Обычно мало-мальски смыслящие в плавании, понаблюдав за ним с берега, удивлялись затем, как он быстро плывет и далеко заплывает, но эта, видимо, смыслила в спорте, как свинья в апельсинах, и вовсе ничего не сказала. Он тоже, сунув ей камышинку и в ответ на ее благодарность отделавшись сомнительной остротой, больше ничего не сказал и пошел себе, а она осталась.
У него был постоянный маршрут — вдоль берега, изрытого весенними промоинами, через овражки, заросшие полынью, и всегда, возвращаясь на базу, он с жадностью поглядывал по сторонам, подмечал всякие июльские прелести, которых вокруг было полным-полно, а в это утро шел возбужденный, никаких прелестей не примечая, стараясь припомнить то, что поразило его несколько минут назад. Он был не беспамятен, рассеянностью не отличался, но это, случившееся с ним, сразу отдалилось от него, будто какая-то давность пролегла между тем, что есть, и тем, что было. Он шел, пораженный неожиданным открытием, которое сделал, или сделалось оно само, но не мог объяснить себе, что это за открытие и почему оно взбудоражило его. Если бы он открыл для себя новое чувство, то должен был бы почувствовать эту новизну, а новизны не чувствовал: это было старое-престарое чувство. Если та, которую он увидел на берегу, была незнакома ему, неизвестна прежде, он мог бы подумать, что открыл для себя новое лицо, но оно было не новым для него и тем не менее — поразило. Оно поразило его с такой оглушительной силой, как если бы он никогда прежде не видел этого лица и даже не подозревал, что оно существует на свете. Это было совершенно новое для него лицо, и спустя несколько минут после того, как лицо это открылось ему в своей поразительной новизне, он уже не мог понять, чем оно поразило его, и не мог представить себе, какое оно. Если бы это была неприступная красота, которую он презирал, она не потрясла бы его, да он и не думал о ней, как и вообще не думал о красоте, ни о какой другой, потому что не красота потрясла его, а что-то совсем другое, и в ту минуту, когда он вылез, мокрый, на берег и протянул знакомой незнакомке трудно добытый трофей, он не увидел никакой красоты: красотой не прошибло бы его, а то, что увидел, не имело ни названия, ни четких очертаний, ни той определенности, какая оставляет в памяти такой же определенный, зеркальный отпечаток. Чтобы понять себя, ему нужно было снова увидеть, и тут-то он восторженно подумал, что помешать этому ничто не может, и что, пока он здесь, на базе, это так же доступно ему, как любоваться прелестями июля, и что, когда вернется на завод, тоже как-нибудь устроится с этим, и что понять себя, в конечном счете, не главное для него, а главное — опять увидеть то, что увидел. День только начинался, и впереди было много дней, впереди были целые годы, и кажется — пульс участился, дыхание сделалось неровным, когда он об этом подумал.
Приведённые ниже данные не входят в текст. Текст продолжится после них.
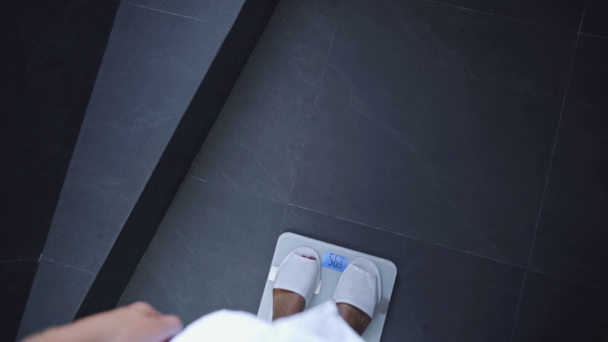 partial view of young woman walking and weighting on scales in bathroom - Imágenes, Vídeo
Но все проходит, подругу друг находит — познакомились, стали здороваться, он героически втерся в чужую компанийку, а компанийка была отменная: ребята из техбюро, девчата из планово-распределительного, Маслыгин, между прочим, тоже. Этой компанийкой ходили в лес по грибы, играли в волейбол, катались на лодках, смотрели кино на открытой площадке, и ничего такого не было, что могло бы служить поводом для торжества или чьих-нибудь ехидных подковырок, и вместе с тем было и торжество, и ликование, и все это ежедневно подкреплялось заветным правом быть постоянно неподалеку, рядом, и никакие слова многозначительные не произносились, никакие взгляды тайные не скрещивались: не было ни слов, ни взглядов, ни признаний, ни намеков, и ничего не обещало их, не предвещало, не обнадеживало, — и тем не менее никогда еще не жил он с таким жгучим интересом, не засыпал с такой жаждой поскорее проснуться, не просыпался, с такими надеждами на будущее; а потом путевка кончилась, он бодро простился со всеми, — его провожали до станции, — он уехал электричкой, загрустил было, встряхнулся, с утроенной энергией принялся тренироваться, укатил в Севастополь на межклубные соревнования.